TASK DESCRIPTION: The answer is the data repeated in full, with no pictures included.

DATASET EXCERPT:

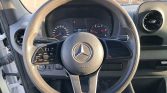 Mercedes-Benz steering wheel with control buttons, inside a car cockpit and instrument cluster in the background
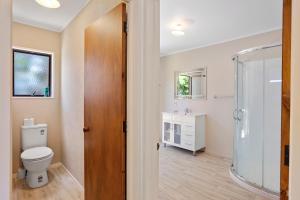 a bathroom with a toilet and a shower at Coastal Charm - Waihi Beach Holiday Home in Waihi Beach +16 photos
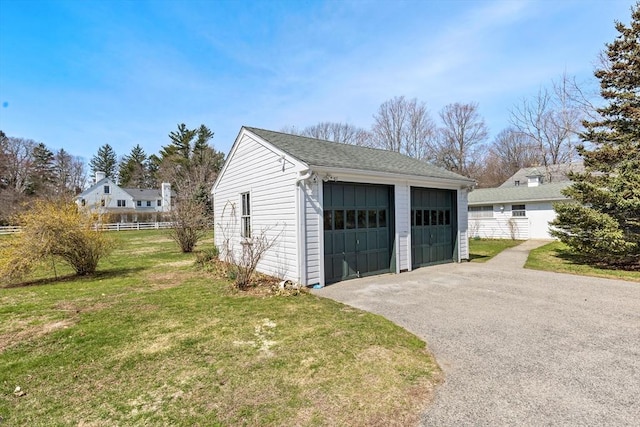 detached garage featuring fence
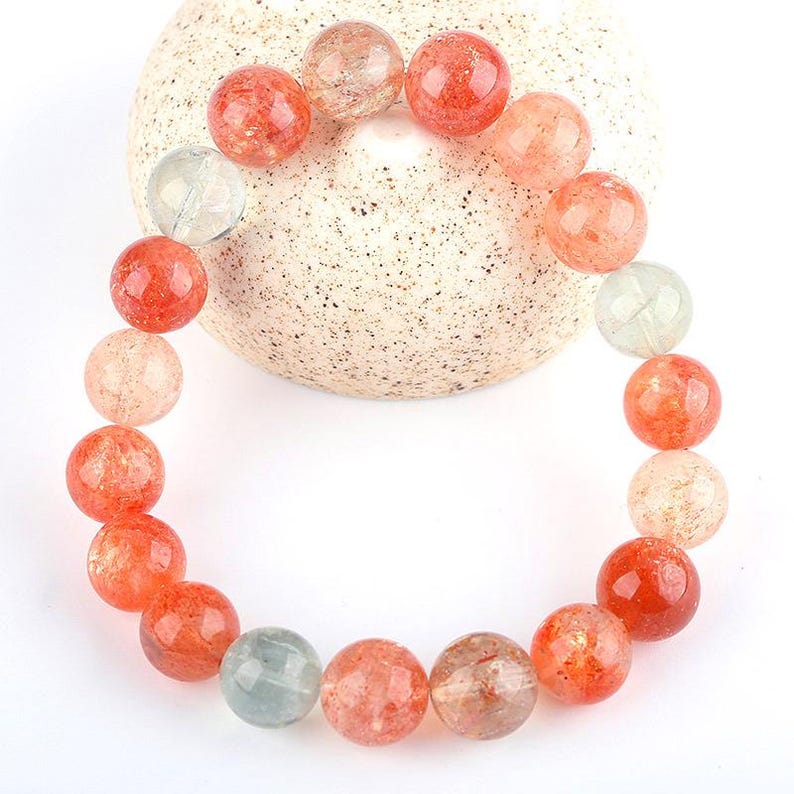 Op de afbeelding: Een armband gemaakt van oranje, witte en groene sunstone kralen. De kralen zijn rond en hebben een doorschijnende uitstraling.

SOLUTION:
 Mercedes-Benz steering wheel with control buttons, inside a car cockpit and instrument cluster in the background
 a bathroom with a toilet and a shower at Coastal Charm - Waihi Beach Holiday Home in Waihi Beach +16 photos
 detached garage featuring fence
 Op de afbeelding: Een armband gemaakt van oranje, witte en groene sunstone kralen. De kralen zijn rond en hebben een doorschijnende uitstraling.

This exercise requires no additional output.